### Materials provided
---------------

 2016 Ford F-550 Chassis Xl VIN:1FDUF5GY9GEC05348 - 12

---------------

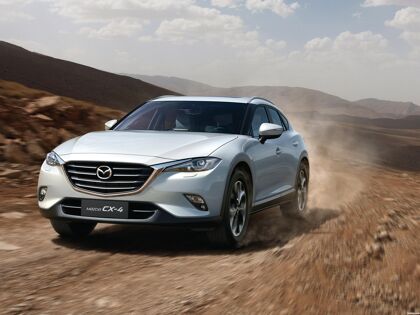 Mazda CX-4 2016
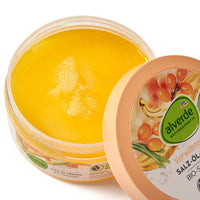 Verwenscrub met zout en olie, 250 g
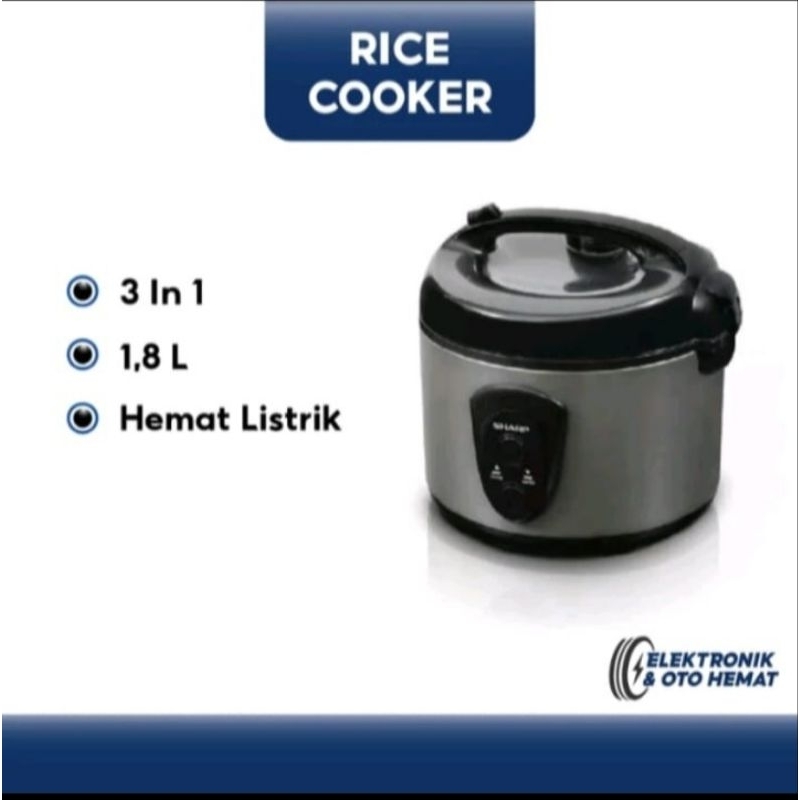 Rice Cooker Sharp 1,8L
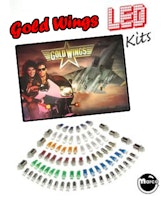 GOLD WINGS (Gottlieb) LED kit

---------------

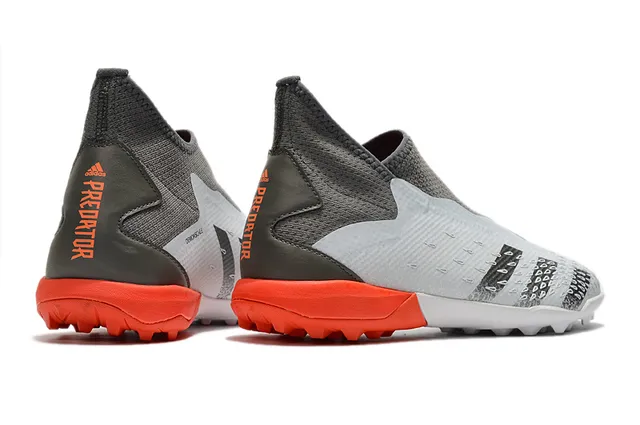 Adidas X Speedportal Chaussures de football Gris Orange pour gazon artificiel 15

---------------

### Instructions to follow
In the listing above, find the line with "Rice Cooker Sharp 1,8L" and output it and every line after it up to and including the line with "GOLD WINGS (Gottlieb) LED kit", exactly, minus the pictures.

### Written reply
 Rice Cooker Sharp 1,8L
 GOLD WINGS (Gottlieb) LED kit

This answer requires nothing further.